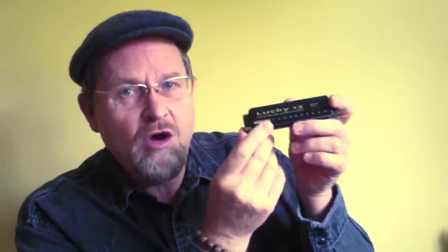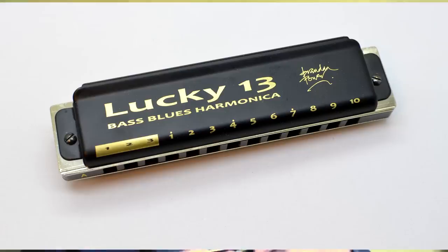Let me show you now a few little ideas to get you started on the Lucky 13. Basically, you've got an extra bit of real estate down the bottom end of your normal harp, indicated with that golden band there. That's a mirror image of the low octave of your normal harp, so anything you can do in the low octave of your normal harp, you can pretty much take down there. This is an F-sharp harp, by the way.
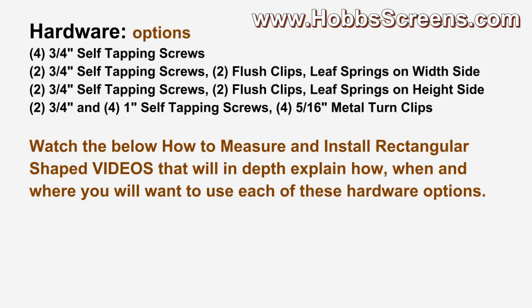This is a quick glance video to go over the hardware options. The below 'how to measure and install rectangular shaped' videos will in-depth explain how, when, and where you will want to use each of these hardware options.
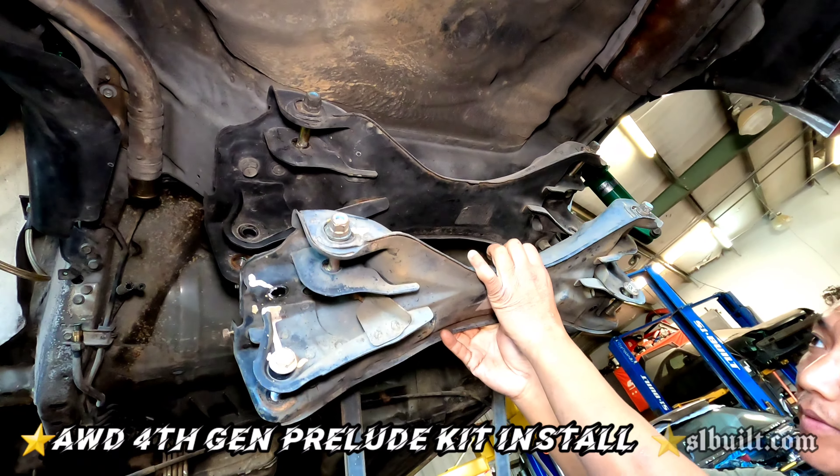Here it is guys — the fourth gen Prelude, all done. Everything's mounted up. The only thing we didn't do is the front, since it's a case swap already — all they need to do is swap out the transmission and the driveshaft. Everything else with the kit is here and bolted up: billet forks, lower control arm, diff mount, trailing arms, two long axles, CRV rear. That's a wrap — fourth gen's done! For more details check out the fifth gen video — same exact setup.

» **WHAT TO DO**
From the first line above down to the line with "This is a quick", reproduce every line and no others, omitting pictures.

» **SOLUTION TO THIS EXERCISE**
Let me show you now a few little ideas to get you started on the Lucky 13. Basically, you've got an extra bit of real estate down the bottom end of your normal harp, indicated with that golden band there. That's a mirror image of the low octave of your normal harp, so anything you can do in the low octave of your normal harp, you can pretty much take down there. This is an F-sharp harp, by the way.
This is a quick glance video to go over the hardware options. The below 'how to measure and install rectangular shaped' videos will in-depth explain how, when, and where you will want to use each of these hardware options.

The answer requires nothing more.